Siemens, the German industrial conglomerate, has attributed disappointing sales to China’s lackluster economy. Despite swinging to a fiscal third-quarter profit of €1.28 billion ($1.59 billion) and a 6% increase in revenue to €18.89 billion, Siemens fell short of the company-compiled consensus, which predicted earnings of €1.41 billion on sales of €19.27 billion.
However, there was some good news for Siemens as orders rose by 10% to €24.24 billion, surpassing analysts’ expectations of €22.19 billion.
The company’s shares, listed as SIE, experienced a 4% slump in afternoon trade in Germany.

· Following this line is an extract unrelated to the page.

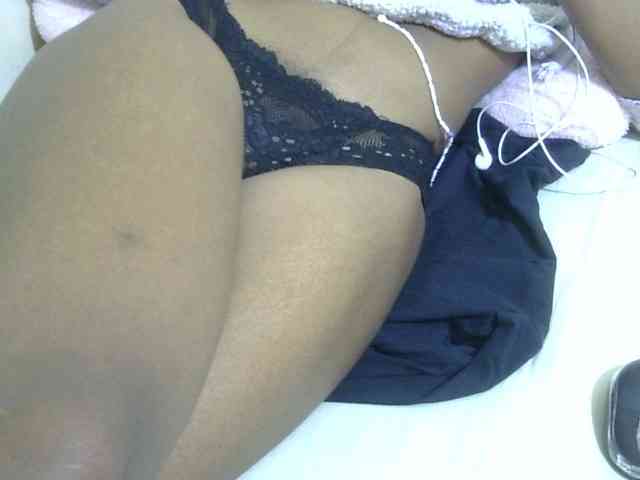 Cuteavril webcam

Siemens CEO Roland Busch expressed concern regarding the slow materialization of China’s market recovery in manufacturing, stating, “China is clearly a lot weaker than expected, and while the execution looks stronger than peers such as Rockwell or Schneider, investor focus is expected to be on demand development into FY24.”
Siemens highlighted that new orders in China declined in the second half of the quarter, particularly in the automation sector. However, the company has not yet experienced negative repercussions in key export markets, such as Germany and Italy. Despite lowering its outlook for the digital industries segment, Siemens maintained its guidance for organic sales growth in the fiscal year.
Analysts from Bank of America, led by Alexander Virgo, suggest that investor attention will be focused on demand development in FY24 due to China’s weaker-than-expected performance.